Awesome. I take my first full breath since I got here and allow myself to be led across the room toward a short, gray-haired woman dressed in a boxy pastel suitcoat over a pair of black pants. The outfit is rather blah, but the diamonds sparkling in her ears are larger than my thumb. Also? She seems too genial for a professor of the law. I always envisioned them as dour, serious creatures. Like me.
“Amelia, let me introduce you to Sabrina James. She’s the student I’ve been telling you about. At the top of her class, holds down two jobs, and managed a one seventy-seven on her LSATs.” Professor Gibson turns to me. “Sabrina, Amelia Fromm, constitutional scholar extraordinaire.”
“So nice to meet you,” I say, holding out my hand and praying to God it feels dry and not damp. I practiced shaking my own hand for an hour leading up to this.
Amelia grips me lightly before stepping back. “Italian mother, Jewish grandfather, hence the odd combination of names. James is Scottish—is that where your family is from?” Her bright eyes sweep over me, and I resist the urge to fidget with my cheap Target clothing.
“I couldn’t say, ma’am.” My family comes from the gutter. Scotland seems far too nice and regal to be our homeland.
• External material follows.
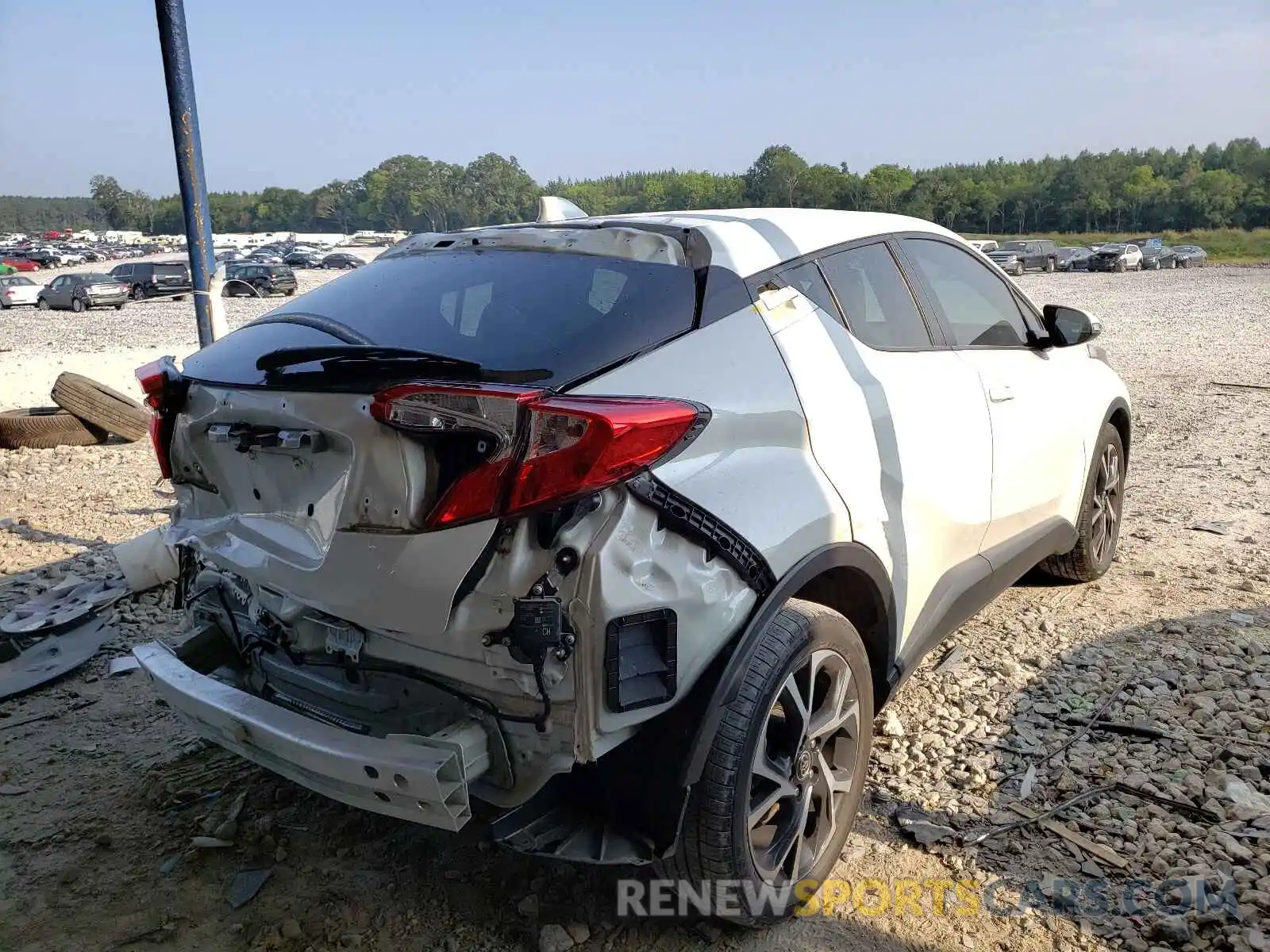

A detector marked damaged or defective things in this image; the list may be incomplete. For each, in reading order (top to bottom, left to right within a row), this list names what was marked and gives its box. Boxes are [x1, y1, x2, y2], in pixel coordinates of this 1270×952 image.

She waves a hand. “It’s not important. I dabble in genealogy on the side. So, you’ve applied to Harvard? That’s what Kelly has told me.”
Kelly? Do I know a Kelly?
“She means me, dear,” Professor Gibson says with a gentle laugh.
I blush. “Yes, sorry. I think of you as Prof.”
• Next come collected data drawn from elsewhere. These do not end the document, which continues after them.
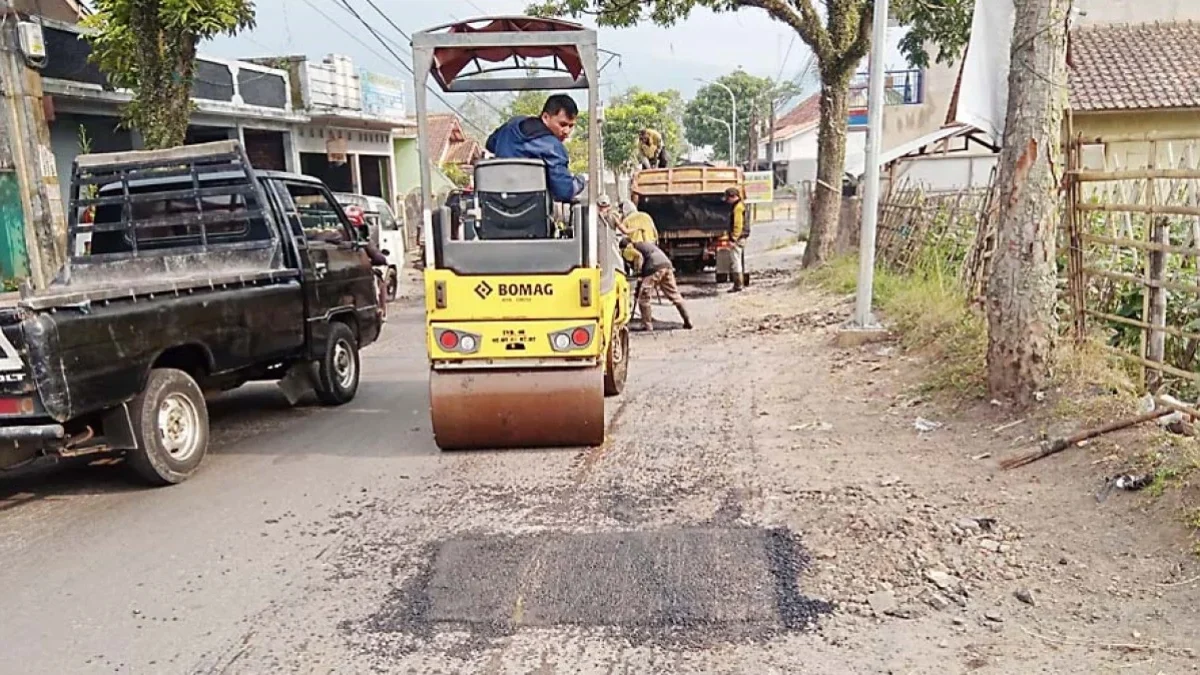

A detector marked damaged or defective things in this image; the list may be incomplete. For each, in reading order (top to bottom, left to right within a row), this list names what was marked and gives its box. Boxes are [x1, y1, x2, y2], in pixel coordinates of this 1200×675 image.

asphalt patch on road [350, 523, 830, 648]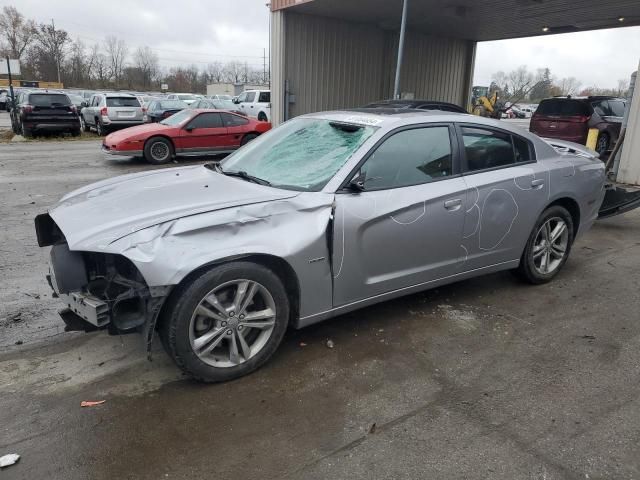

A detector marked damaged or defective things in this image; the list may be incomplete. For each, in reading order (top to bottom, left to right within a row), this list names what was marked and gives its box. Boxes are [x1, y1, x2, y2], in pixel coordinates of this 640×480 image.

dented hood [51, 164, 298, 249]
damaged silver sedan [35, 109, 604, 382]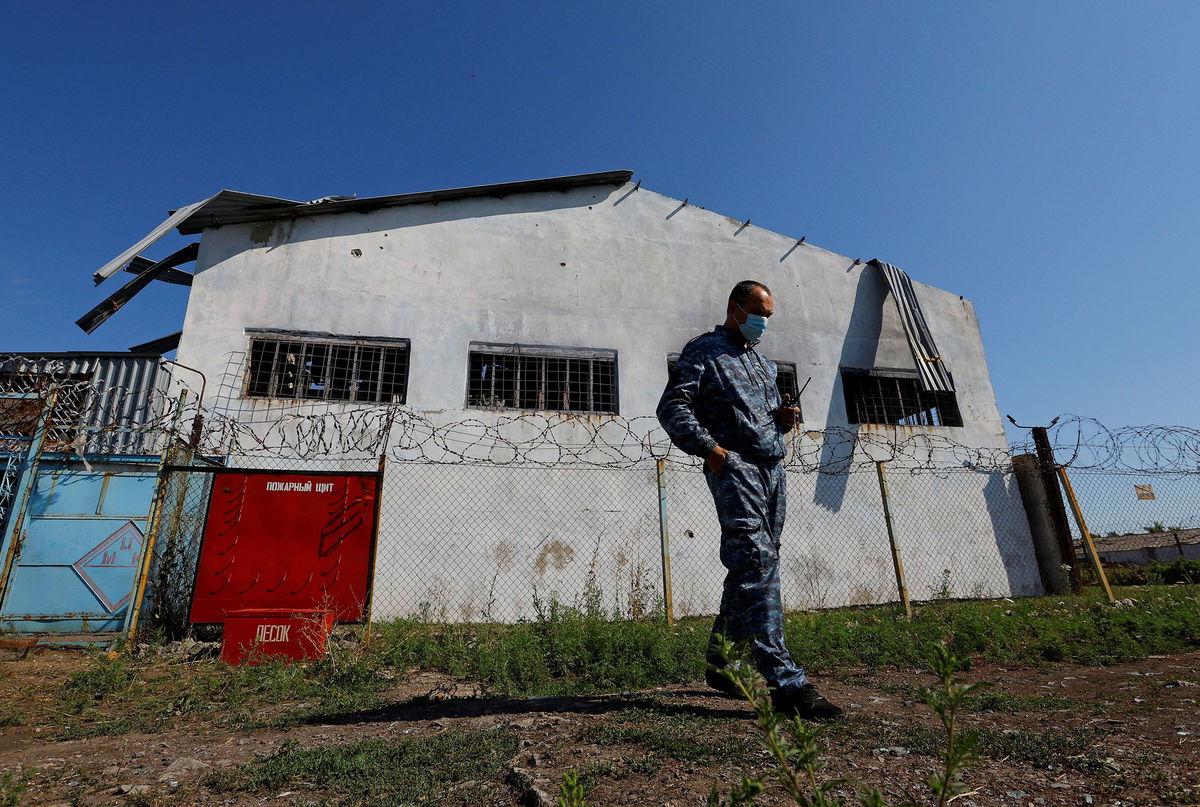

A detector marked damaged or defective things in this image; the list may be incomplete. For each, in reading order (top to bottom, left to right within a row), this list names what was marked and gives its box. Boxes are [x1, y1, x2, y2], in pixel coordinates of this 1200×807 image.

damaged roof [92, 168, 633, 285]
rusty window frame [243, 329, 412, 403]
rusty window frame [468, 341, 619, 415]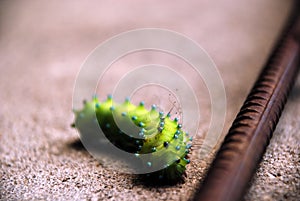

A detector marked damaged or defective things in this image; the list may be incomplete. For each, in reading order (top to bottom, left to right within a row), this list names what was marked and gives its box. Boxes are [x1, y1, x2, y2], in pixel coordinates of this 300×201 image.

rust on rebar [192, 2, 300, 201]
“So formal, Kelly!” Professor Fromm accuses. “Sabrina, where else have you applied?”
“Boston College, Suffolk, and Yale, but Harvard is my dream.”
Amelia raises an eyebrow at my list of tier two and three Boston schools.
Professor Gibson jumps to my defense. “She wants to stay close to home. And obviously she belongs at someplace better than Yale.”
The two professors share a contemptuous sniff. Prof was a Harvard grad, and apparently once a Harvard grad, always an anti-Yale person.
“From all that Kelly has shared, it sounds like Harvard would be honored to have you.”
“It would be my honor to be a Harvard student, ma’am.”
“Acceptance letters are being mailed out soon.” Her eyes twinkle with mischief. “I’ll be sure to put in a good word.”
Amelia bestows another smile, and I nearly faint in happy relief. I wasn’t just blowing smoke up her ass. Harvard really is my dream.
“Thank you,” I manage to croak out.
Professor Gibson points me toward the food. “Why don’t you get something to eat? Amelia, I want to talk to you about that position paper I heard was coming out of Brown. Did you have a chance to look at it?”
The two turn away, diving deep into a discussion about intersectionality of Black feminism and race theory, a topic that Professor Gibson is an expert in.
I wander over to the refreshment table, which is draped in white and loaded with cheese, crackers, and fruit. Two of my closest friends—Hope Matthews and Carin Thompson—are already standing there. One dark and one light, they’re the two most beautiful, smartest angels in the world.
I rush over to them and nearly collapse in their arms.
“So? How’d it go?” Hope asks impatiently.